Jim Jewett wrote:
I'm still not sure exactly what is missing from ctypes. To make this concrete:
I think the only thing missing from ctypes "expressiveness" as far as I can tell in terms of what you "can" do is the byte-order representation.
What is missing is ease-of use for producers and consumers in interpreting the data-type. When I speak of Producers and consumers, I'm largely talking about C-code (or Java or .NET) code writers.
Producers must basically use Python code to create classes of various types. This is going to be slow in 'C'. Probably slower than the array interface (which is what we have no informally).
Consumers are going to have a hard time interpreting the result. I'm not even sure how to do that, in fact. I'd like NumPy to be able to understand ctypes as a means to specify data. Would I have to check against all the sub-types of CDataType, pull out the fields, check the tp_name of the type object? I'm not sure.

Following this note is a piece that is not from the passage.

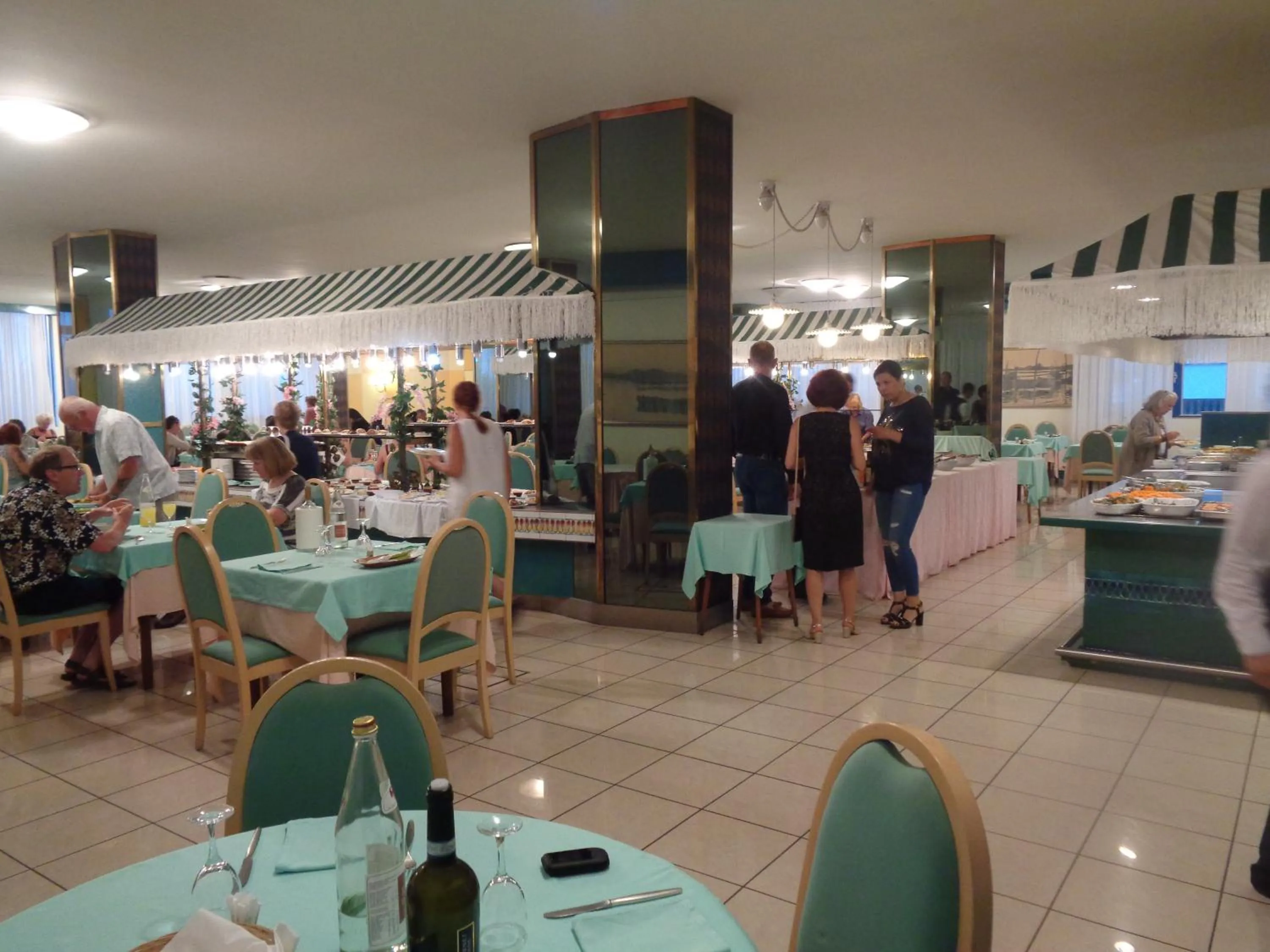 Restaurant/places to eat in Hotel Ambasciatori Palace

It seems like a string with the C-structure would be better as a data-representation, but then a third-party library would want to parse that so that Python might as well have it's own parser for data-types.
So, Python might as well have it's own way to describe data. My claim is this default way should *not* be overloaded by using Python type-objects (the ctypes way). I'm making a claim that the NumPy way of using a different Python object to describe data-types. I'm not saying the NumPy object should be used. I'm saying we should come up with a singe DataFormatType whose instances express the data formats in ways that other packages can produce and consume (or even use internally).
It would be easy for NumPy to "use" the default Python object in it's PyArray_Descr * structure. It would also be easy for ctypes to "use" the default Python object in its StgDict object that is the tp_dict of every ctypes type object.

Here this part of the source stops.